Je suis Bretonne mais née en terre angevine. Les Angevins sont-ils des Français ? Peu de gens savent que les Angevins ont une langue, l’Angevin. Mais personne (en tout cas à ma connaissance) le parle. Les Angevins sont-ils des gens accueillants ? Dans mon cas, non. Je n’ai peut-être pas rencontré les bonnes personnes, quoique j’ai tout de même quelques amis nés en Anjou. L’Angevin aime sa douceur angevine. La douceur angevine ? Elle est humide, il n’y a pas la mer mais deux fleuves : la Maine (qui passe à Angers) et la Loire (qui passe au sud d’Angers, plus vers Saumur). Une rivière, la Mayenne, et d’autres cours d’eau (l’Authion, par exemple).

Je suis Bretonne, exilée en Anjou. Ce pays a-t-il des légendes connues ? Pas à ma connaissance. Je connais un peu plus les légendes de mon pays de sang et d’âme. Oui, tout pays a ses propres légendes. A l’Office du Tourisme d’Angers on peut voir un livre sur les légendes du pays angevin. Je n’ai pas été curieuse. Pourquoi ? Certes, le Val de Loire (pour élargir un peu) a de beaux châteaux, les bords de Loire sont agréables pour une promenade, la campagne est belle. Mais je ne ressens pas d’ondes dans ce pays. C’est tout le contraire en Bretagne : plus on se rapproche de la mer (jusqu’à présent mes coins préférés restent la côte de Granit et le Finistère et le pays au nord de Rennes), plus je sens que mon point d’ancrage ancestral est la Bretagne. Me prendre les embruns en pleine figure, quel bonheur !

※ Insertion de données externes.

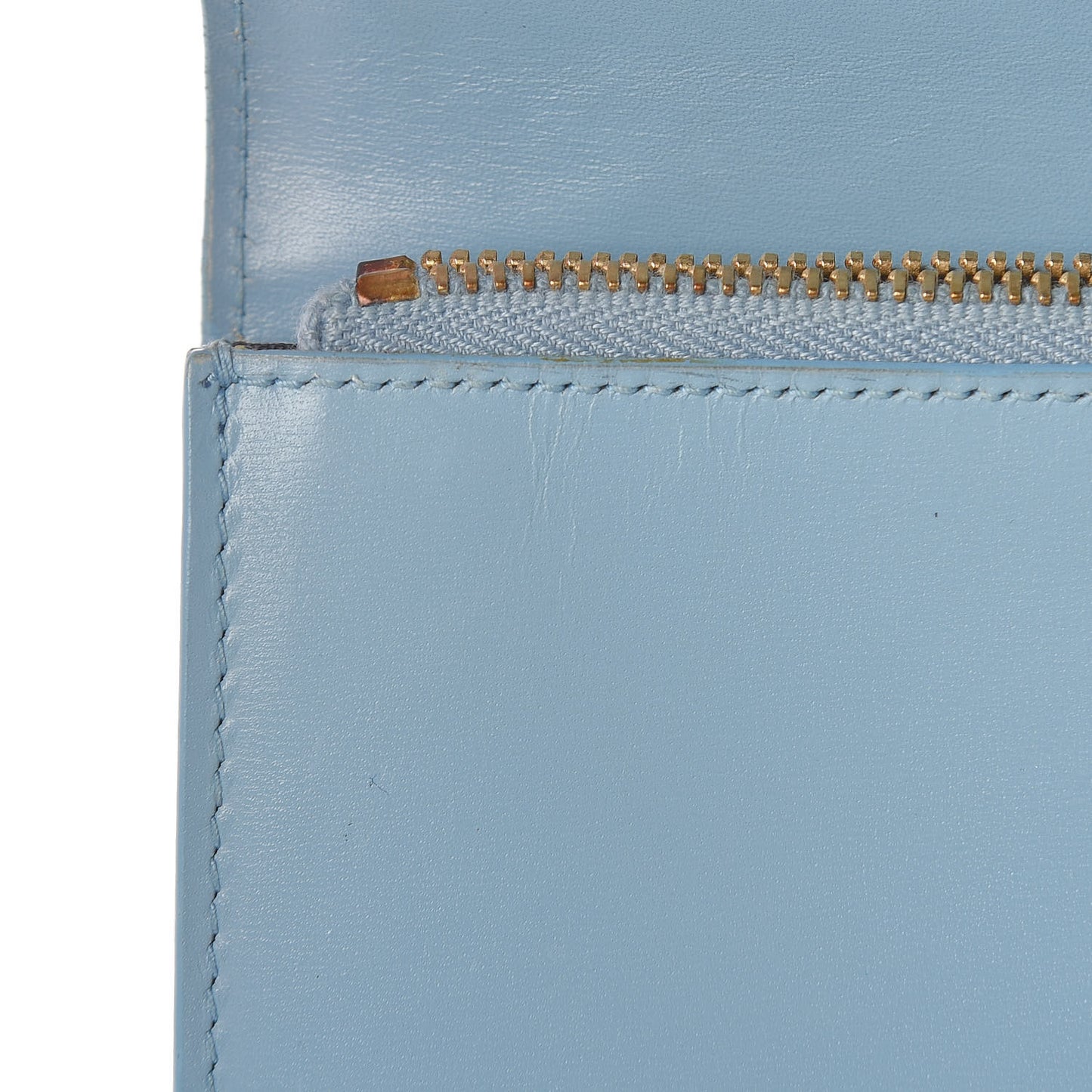Calfskin Classic Large Marquage Flap Wallet Blue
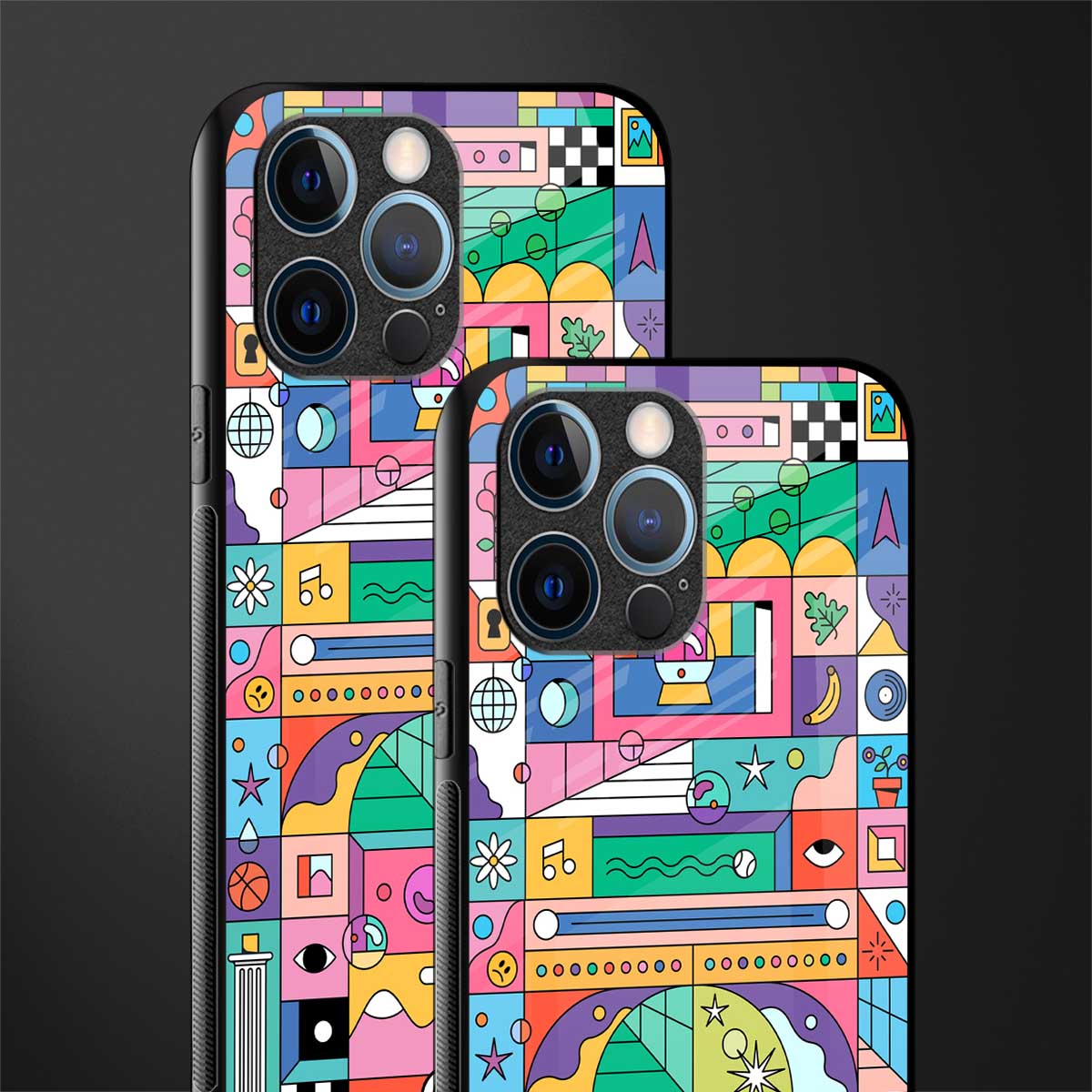 jamie's illustration glass case for iphone 12 pro image-2
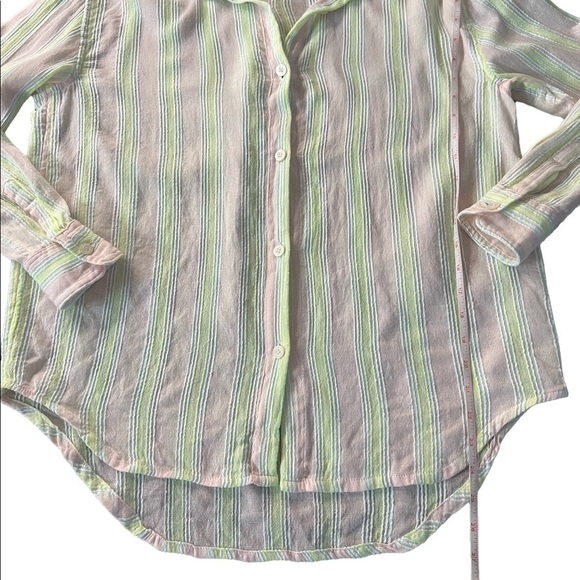 LEMLEM WOMENS LONG SLEEVE STRIPED BLUSH/YELLOW BLOUSE ESTIMATED SIZE LARGE - Picture 5 of 10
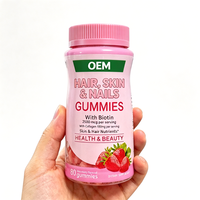 Bonbons gélifiés au collagène pour la beauté, vitamines pour éclaircir la peau, bonbons gélifiés pour la peau, les ongles et les cheveux des femmes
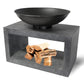 Granite Firebowl & Rectangle Console by Ivyline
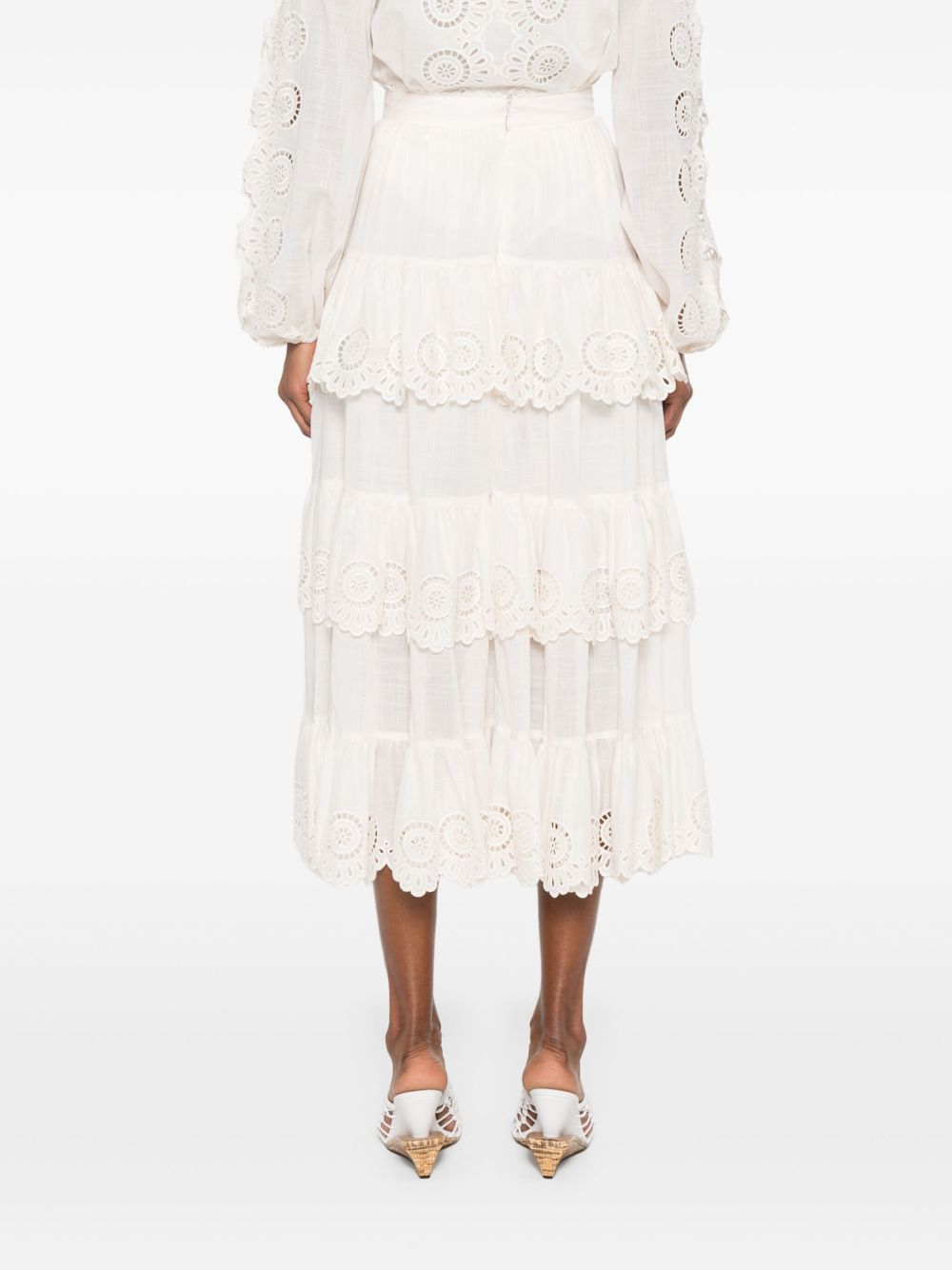 Zimmermann Lucky embroidered skirt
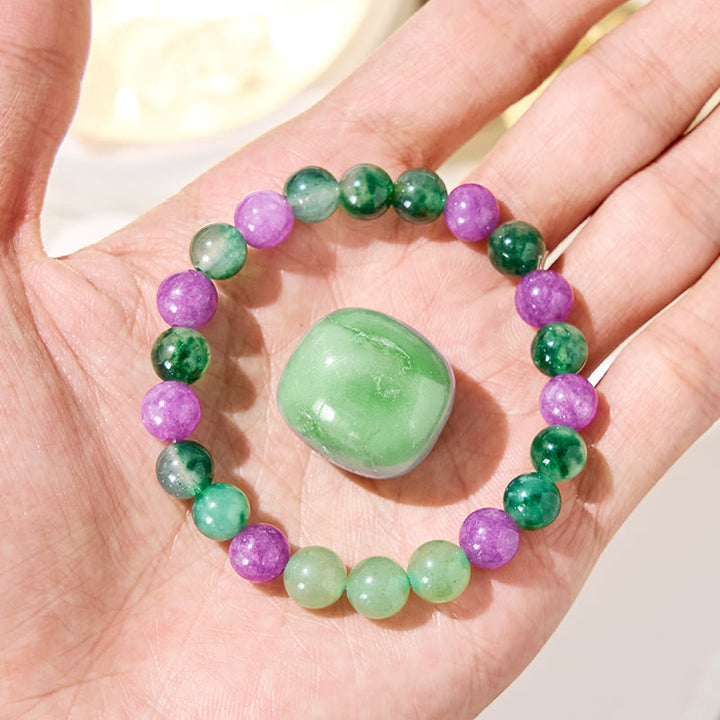 Olivenorma "Minty Grape" Moss Agate Lucky Bracelet - image 2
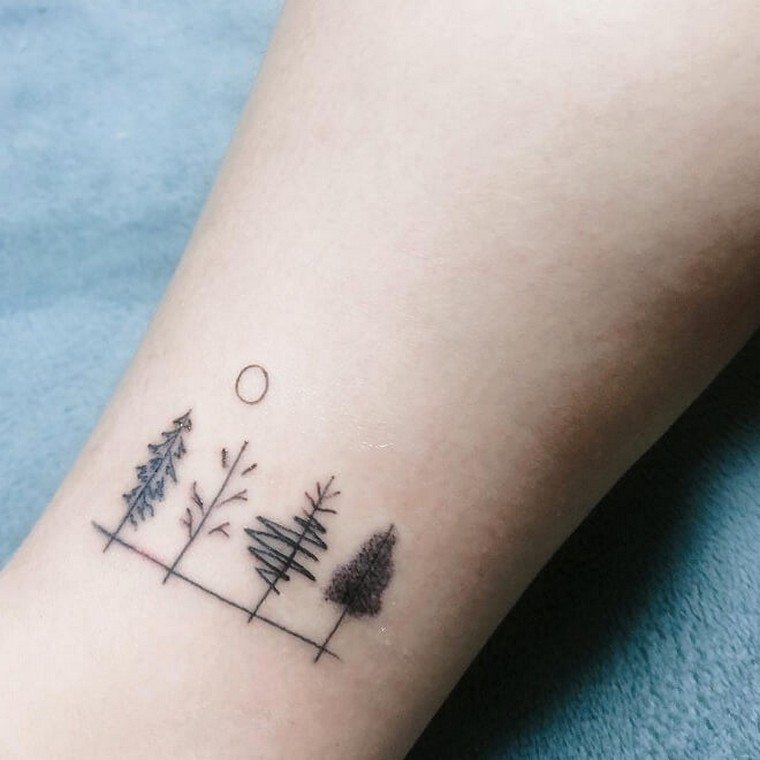 tatouage arbre bras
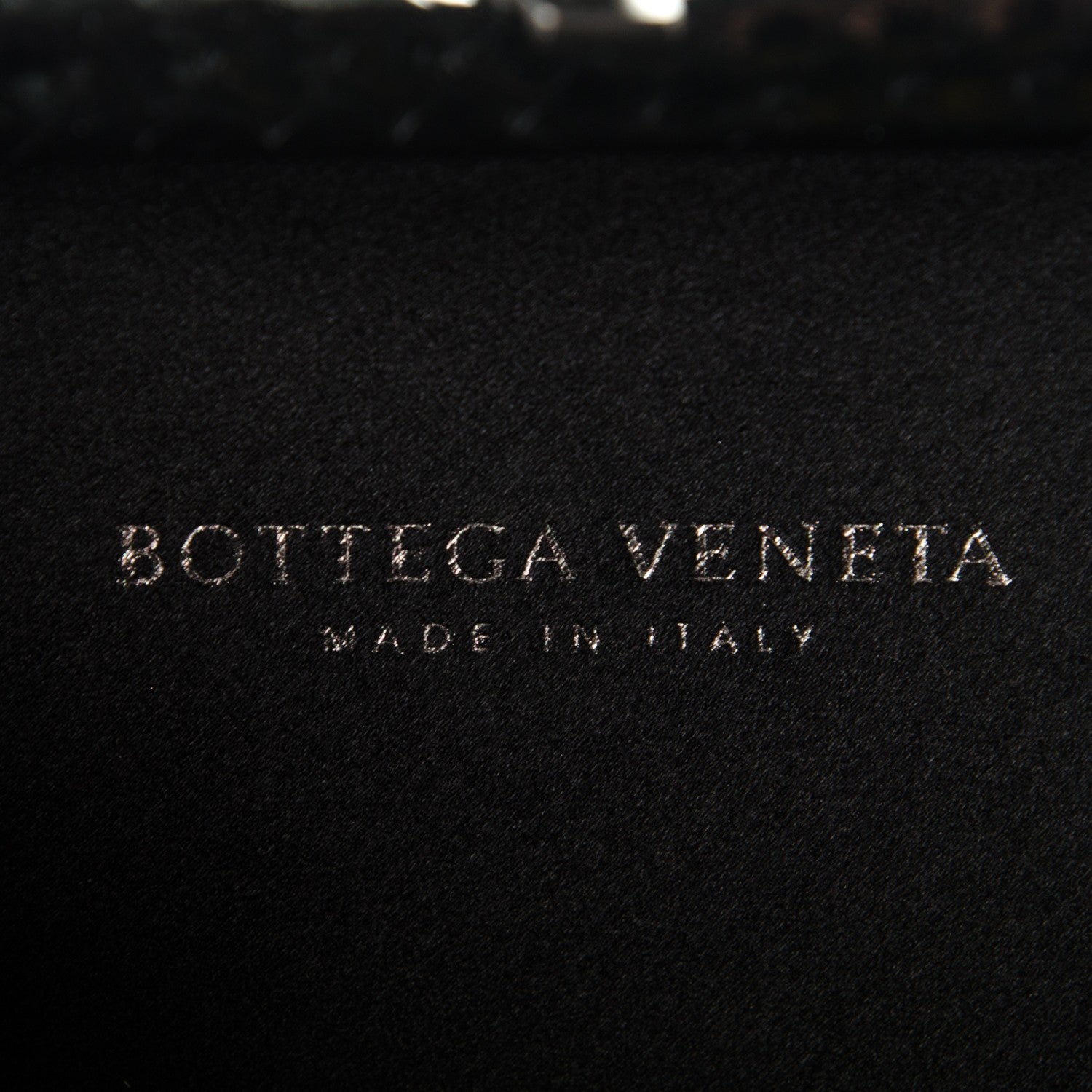 Bottega Veneta Satin Intreccio Impero Ayers Knot Clutch Black 6 of 6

Je suis Bretonne mais je ne suis pas une ultra, je ne suis pas une indépendantiste. J’aimerais seulement que la France se débarrasse de ses oripeaux de pays-capitale qui colonise les régions ayant eu ou ayant toujours une forte identité. Je ne pense pas qu’à ma Bretagne, je pense également au Pays basque, l’Occitanie (qui n’a pas qu’un parler occitan mais bien plusieurs), la Savoie, l’Alsace (qui n’a rien de bosche, n’est-ce pas Anémone !). Marie Drucker, lors d’un direct, avait osé informé les téléspectateurs de France 2 que le breton est un patois. Tollé sur la Toile ! Heureusement qu’elle a rectifié ses propos. Mais je lui en tiens rigueur. La culture ne se produit pas qu’à Paris. Son erreur montre encore à quel point la Province reste un vaste champ peu clair qui nourrit Paris. A quand la délocalisation des sièges sociaux en Province ? Michelin s’est distingué en s’implantant à Clermont-Ferrand. Pourquoi toute entreprise se sent obligée, vu les coûts de la vie à Paris, d’installer son siège à Paris ?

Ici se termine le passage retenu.